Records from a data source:
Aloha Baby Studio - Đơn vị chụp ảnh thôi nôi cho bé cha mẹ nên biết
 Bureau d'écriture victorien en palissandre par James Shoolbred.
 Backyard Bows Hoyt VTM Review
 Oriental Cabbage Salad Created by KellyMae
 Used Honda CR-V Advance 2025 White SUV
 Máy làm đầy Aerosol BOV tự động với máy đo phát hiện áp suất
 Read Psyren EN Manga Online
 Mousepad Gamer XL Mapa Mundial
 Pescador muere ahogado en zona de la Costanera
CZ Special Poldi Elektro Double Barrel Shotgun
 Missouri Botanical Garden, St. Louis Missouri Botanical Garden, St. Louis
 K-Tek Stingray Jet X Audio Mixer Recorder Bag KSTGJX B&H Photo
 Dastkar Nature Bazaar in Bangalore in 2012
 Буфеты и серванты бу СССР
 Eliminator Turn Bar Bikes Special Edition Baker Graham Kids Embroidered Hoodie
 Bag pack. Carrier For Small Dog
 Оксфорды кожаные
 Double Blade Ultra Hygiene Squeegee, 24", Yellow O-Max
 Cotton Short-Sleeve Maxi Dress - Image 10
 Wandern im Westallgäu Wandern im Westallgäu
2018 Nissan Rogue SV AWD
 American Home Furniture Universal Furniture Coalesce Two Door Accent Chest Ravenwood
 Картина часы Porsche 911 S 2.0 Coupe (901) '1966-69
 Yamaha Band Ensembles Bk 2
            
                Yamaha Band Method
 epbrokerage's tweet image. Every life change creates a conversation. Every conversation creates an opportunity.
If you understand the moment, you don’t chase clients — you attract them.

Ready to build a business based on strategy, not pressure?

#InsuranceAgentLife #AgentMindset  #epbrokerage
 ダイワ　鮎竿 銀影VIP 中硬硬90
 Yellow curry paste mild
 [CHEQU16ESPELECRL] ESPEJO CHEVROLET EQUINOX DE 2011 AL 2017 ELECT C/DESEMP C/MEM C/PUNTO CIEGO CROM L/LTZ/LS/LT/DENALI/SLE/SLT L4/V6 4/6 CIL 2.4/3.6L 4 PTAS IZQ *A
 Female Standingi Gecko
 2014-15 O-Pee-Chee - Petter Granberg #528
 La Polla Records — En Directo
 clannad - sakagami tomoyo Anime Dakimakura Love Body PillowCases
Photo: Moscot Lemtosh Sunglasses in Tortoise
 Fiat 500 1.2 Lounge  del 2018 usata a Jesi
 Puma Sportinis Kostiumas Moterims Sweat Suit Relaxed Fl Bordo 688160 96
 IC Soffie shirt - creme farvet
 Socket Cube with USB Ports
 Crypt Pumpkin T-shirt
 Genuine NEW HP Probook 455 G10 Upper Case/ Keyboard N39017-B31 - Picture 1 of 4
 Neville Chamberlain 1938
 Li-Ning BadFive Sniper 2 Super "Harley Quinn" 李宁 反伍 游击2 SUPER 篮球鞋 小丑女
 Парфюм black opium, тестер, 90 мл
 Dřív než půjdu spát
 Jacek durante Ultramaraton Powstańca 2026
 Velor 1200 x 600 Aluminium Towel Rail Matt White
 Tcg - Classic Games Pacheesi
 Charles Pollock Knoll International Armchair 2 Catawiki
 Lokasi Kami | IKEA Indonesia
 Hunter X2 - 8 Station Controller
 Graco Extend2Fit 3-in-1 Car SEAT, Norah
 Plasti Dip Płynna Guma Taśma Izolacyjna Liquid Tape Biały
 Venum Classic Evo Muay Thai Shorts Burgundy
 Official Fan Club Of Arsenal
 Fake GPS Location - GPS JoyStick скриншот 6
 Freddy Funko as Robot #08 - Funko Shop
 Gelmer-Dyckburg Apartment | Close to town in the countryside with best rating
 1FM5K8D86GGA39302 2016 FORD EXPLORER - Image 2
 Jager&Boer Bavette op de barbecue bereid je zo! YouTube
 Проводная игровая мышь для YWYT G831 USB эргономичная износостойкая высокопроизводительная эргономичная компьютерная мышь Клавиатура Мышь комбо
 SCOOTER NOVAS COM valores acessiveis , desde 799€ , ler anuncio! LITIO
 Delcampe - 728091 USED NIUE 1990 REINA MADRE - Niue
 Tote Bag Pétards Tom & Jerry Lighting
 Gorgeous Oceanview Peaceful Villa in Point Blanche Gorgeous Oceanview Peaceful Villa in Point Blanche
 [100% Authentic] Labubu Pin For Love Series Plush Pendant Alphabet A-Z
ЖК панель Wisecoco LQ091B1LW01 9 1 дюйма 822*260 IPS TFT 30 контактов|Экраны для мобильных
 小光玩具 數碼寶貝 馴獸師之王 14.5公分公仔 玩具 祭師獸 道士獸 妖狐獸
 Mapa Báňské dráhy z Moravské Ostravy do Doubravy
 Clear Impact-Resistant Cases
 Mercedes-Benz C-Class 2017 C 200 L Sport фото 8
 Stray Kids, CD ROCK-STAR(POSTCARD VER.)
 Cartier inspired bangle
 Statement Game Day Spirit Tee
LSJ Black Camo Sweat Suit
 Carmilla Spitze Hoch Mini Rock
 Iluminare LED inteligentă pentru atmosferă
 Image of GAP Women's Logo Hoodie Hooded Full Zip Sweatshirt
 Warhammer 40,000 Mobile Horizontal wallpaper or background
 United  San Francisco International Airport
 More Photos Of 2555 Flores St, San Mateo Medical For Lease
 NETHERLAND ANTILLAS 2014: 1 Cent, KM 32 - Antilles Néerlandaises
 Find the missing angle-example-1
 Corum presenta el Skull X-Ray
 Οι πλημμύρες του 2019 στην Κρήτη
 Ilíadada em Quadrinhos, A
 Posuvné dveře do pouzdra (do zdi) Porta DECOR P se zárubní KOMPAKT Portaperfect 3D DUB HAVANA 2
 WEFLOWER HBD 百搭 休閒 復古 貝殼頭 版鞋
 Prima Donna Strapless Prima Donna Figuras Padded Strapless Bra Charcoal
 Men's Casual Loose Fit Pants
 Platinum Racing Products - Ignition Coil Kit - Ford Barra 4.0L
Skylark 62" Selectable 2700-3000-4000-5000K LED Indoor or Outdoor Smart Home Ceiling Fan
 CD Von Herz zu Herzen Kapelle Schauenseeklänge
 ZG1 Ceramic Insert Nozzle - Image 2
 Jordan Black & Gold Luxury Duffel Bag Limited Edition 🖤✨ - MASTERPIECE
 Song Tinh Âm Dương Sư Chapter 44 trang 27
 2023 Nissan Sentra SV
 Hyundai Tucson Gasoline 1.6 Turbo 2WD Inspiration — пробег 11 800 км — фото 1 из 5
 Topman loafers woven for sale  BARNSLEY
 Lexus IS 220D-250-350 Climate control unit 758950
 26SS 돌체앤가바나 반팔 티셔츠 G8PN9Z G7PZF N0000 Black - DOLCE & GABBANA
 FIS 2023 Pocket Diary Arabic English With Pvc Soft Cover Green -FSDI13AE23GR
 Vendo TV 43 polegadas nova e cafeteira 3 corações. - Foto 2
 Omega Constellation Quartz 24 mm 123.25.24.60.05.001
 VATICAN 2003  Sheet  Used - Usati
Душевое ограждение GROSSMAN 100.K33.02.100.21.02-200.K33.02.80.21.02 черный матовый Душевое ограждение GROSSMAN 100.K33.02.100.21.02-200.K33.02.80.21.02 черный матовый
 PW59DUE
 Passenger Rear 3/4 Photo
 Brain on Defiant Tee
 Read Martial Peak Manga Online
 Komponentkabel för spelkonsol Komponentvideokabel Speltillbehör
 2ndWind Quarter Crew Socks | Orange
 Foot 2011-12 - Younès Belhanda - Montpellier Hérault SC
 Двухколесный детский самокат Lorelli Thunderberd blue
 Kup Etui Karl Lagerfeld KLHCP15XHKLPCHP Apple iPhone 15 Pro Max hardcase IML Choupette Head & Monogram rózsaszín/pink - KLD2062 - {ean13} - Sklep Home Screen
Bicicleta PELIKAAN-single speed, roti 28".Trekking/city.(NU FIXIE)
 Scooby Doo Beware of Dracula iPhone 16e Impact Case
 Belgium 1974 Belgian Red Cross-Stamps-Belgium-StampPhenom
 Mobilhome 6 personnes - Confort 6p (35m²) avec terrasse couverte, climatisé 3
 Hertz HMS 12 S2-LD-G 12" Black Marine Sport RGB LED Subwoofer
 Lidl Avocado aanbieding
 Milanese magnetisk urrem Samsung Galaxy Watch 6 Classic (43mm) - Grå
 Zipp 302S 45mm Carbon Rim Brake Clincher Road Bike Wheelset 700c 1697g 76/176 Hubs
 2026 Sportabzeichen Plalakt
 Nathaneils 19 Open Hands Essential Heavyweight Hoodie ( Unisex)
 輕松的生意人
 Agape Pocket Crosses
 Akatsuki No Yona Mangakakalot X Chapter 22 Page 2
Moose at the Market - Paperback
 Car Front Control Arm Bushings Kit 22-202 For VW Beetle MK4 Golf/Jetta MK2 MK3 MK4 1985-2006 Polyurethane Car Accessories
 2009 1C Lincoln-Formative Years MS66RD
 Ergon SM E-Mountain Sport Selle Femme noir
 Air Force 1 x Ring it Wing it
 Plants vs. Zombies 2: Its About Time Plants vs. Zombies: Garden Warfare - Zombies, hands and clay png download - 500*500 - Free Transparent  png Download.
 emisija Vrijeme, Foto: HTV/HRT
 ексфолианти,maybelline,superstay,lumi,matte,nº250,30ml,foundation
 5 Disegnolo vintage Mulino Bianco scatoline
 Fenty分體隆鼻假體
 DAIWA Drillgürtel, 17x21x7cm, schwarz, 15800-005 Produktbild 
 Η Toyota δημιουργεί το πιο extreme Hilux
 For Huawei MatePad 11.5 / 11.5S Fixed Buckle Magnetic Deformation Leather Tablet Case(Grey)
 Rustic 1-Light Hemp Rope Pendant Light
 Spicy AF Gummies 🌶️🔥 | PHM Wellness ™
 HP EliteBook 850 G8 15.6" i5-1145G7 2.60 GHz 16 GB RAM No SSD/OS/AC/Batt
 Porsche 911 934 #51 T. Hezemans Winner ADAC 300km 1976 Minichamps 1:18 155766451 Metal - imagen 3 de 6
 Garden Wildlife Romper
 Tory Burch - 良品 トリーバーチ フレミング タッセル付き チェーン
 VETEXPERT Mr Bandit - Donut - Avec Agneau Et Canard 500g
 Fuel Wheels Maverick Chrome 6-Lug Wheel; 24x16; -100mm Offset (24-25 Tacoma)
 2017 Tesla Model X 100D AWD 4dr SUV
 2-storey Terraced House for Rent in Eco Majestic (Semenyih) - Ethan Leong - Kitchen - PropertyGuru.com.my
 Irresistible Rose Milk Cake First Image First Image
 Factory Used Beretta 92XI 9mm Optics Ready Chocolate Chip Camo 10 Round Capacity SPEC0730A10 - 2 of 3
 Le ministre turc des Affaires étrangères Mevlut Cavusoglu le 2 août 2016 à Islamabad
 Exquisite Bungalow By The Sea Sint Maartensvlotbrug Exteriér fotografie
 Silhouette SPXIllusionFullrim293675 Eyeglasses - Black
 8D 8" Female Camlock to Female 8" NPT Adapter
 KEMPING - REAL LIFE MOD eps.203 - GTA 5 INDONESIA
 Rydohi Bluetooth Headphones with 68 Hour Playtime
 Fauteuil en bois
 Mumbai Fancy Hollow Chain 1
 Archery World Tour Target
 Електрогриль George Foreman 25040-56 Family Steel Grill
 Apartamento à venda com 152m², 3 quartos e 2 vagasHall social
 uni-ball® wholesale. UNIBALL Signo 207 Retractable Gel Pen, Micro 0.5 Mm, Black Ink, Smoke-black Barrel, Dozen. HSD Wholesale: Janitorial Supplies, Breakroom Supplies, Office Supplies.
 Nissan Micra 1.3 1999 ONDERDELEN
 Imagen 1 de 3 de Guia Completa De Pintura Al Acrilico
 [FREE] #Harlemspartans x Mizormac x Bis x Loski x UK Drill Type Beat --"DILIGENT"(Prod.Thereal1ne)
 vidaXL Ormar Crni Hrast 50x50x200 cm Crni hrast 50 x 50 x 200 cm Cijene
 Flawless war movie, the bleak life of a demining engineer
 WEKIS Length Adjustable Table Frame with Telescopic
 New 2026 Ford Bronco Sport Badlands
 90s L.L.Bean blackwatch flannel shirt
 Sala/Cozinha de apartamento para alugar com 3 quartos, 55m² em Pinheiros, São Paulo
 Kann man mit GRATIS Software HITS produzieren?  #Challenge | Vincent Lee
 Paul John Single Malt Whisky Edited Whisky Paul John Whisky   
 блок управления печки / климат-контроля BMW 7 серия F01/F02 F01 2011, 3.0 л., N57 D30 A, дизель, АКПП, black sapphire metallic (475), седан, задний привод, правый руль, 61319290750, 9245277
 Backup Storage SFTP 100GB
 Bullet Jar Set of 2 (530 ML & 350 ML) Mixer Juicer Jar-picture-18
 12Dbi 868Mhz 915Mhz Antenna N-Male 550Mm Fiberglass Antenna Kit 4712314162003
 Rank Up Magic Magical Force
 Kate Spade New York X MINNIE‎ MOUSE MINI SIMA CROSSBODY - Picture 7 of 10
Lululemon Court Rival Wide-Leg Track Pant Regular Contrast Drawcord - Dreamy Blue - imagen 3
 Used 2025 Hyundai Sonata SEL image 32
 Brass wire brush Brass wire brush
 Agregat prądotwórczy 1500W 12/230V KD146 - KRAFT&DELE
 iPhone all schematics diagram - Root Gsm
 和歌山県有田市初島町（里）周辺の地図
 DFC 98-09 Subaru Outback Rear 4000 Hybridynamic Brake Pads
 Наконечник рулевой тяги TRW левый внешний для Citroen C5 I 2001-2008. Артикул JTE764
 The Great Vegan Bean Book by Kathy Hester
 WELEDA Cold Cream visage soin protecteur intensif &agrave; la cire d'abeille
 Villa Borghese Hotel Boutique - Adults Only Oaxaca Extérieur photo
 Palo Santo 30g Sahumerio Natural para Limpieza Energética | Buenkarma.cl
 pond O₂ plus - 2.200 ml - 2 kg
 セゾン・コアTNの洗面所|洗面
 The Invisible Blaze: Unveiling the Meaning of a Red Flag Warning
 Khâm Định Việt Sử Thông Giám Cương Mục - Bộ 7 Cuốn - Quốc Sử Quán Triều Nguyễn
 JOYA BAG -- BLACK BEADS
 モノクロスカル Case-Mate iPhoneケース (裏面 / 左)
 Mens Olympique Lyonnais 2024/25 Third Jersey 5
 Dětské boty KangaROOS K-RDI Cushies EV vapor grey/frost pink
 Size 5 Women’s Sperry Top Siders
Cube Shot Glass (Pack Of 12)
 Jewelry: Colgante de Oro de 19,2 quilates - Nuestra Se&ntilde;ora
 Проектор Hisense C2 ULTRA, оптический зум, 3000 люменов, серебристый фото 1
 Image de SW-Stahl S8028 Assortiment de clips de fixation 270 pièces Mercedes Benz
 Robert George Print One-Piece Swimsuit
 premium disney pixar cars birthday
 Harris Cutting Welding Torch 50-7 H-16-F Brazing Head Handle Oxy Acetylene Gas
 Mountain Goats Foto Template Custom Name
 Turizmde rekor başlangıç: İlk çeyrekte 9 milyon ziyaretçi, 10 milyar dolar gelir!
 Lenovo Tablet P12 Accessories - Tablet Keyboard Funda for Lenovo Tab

### PROBLEM STATEMENT:
Your answer must be every line from the entries that contains the string "pink", copied as it stands.

### ANSWER TO THE EXERCISE:
 Kup Etui Karl Lagerfeld KLHCP15XHKLPCHP Apple iPhone 15 Pro Max hardcase IML Choupette Head & Monogram rózsaszín/pink - KLD2062 - {ean13} - Sklep Home Screen
 Dětské boty KangaROOS K-RDI Cushies EV vapor grey/frost pink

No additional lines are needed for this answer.